**PROBLEM**
The reply must consist of the complete listing, reproduced exactly, with no images included.

**DATA BLOCK**
BEGIN

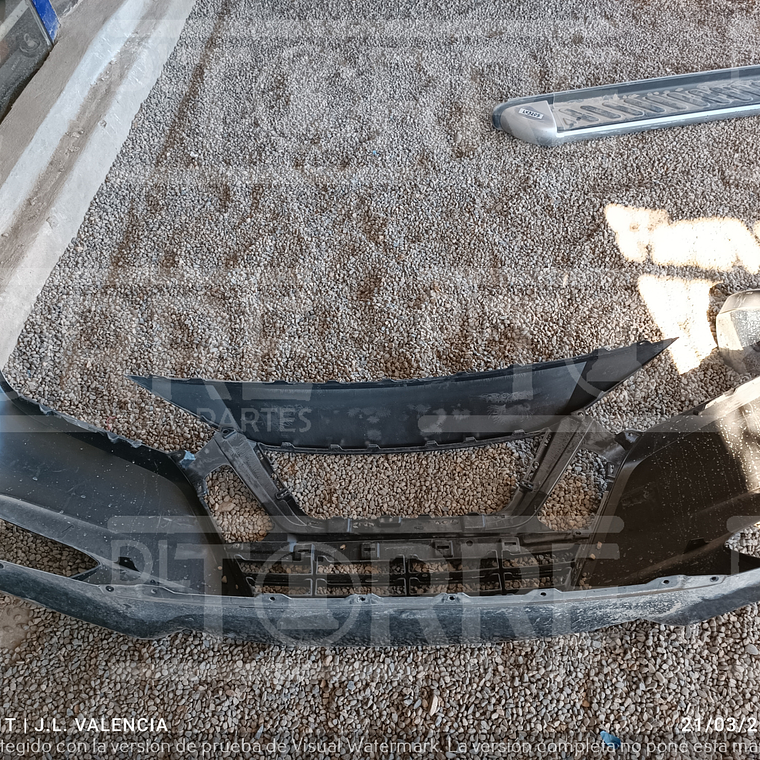 Fascia delantera versa 2020-2022 5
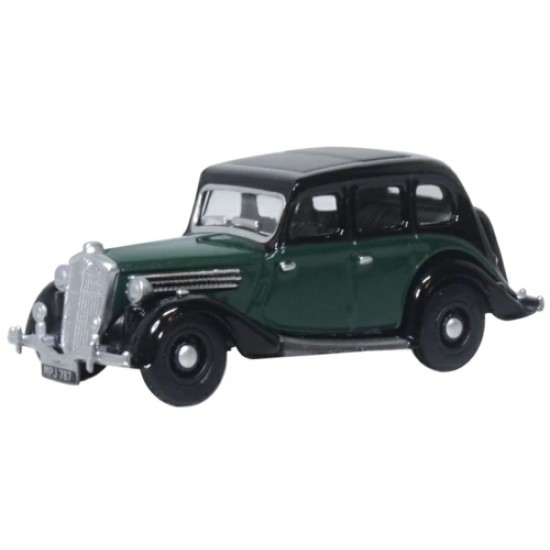 1/76 WOLSELEY 18/85 GREEN/BLACK 76WO006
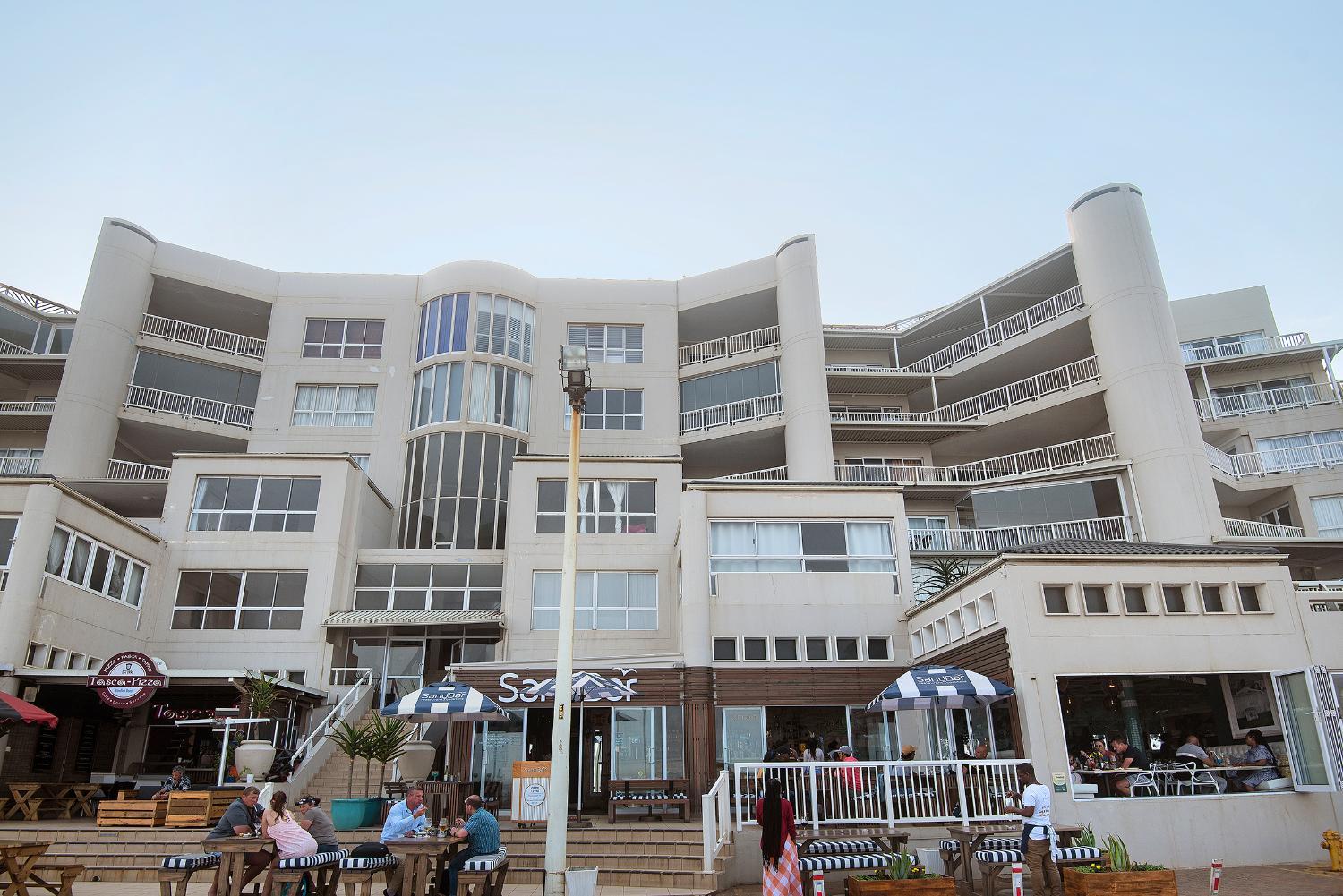 Exterior view 3, Seascapes 203 Sorjente, eThekwini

END

**WRITTEN SOLUTION**
 Fascia delantera versa 2020-2022 5
 1/76 WOLSELEY 18/85 GREEN/BLACK 76WO006
 Exterior view 3, Seascapes 203 Sorjente, eThekwini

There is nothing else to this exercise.